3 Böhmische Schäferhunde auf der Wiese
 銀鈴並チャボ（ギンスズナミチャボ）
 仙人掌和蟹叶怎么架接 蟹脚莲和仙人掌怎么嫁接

==

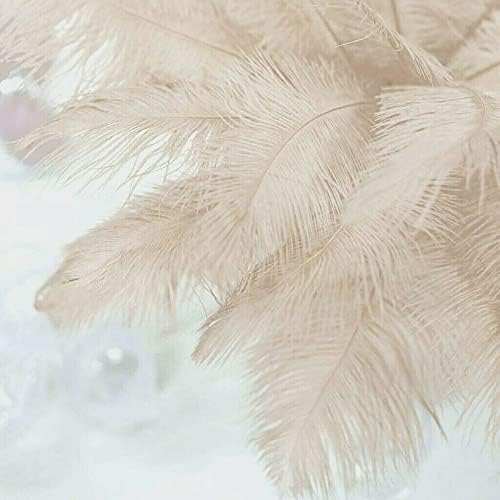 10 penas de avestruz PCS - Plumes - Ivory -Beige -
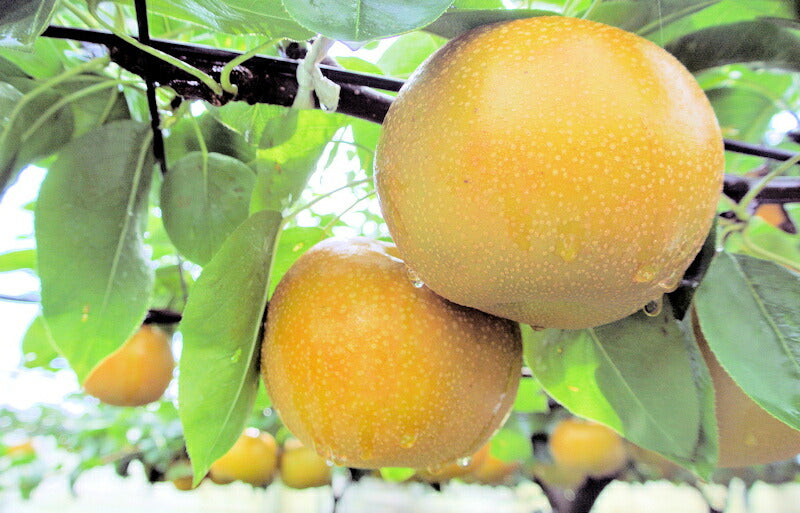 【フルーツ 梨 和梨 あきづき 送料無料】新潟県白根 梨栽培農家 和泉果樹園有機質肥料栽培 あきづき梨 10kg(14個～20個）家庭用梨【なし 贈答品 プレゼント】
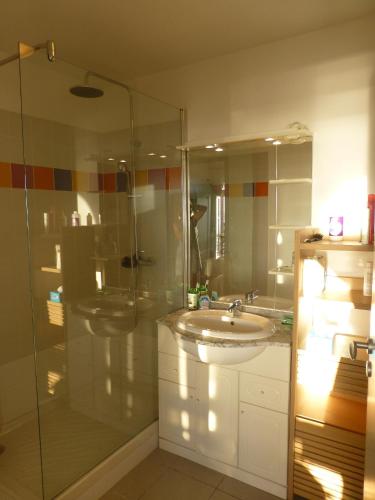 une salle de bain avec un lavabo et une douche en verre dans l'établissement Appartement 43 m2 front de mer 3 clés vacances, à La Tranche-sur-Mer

**Problem to work on**
Find where the line with "3 Böhmische Schäferhunde auf der Wiese" sits in the material above, then copy exactly from it through the line with "仙人掌和蟹叶怎么架接 蟹脚莲和仙人掌怎么嫁接". Add no other line.

**Solution below**
3 Böhmische Schäferhunde auf der Wiese
 銀鈴並チャボ（ギンスズナミチャボ）
 仙人掌和蟹叶怎么架接 蟹脚莲和仙人掌怎么嫁接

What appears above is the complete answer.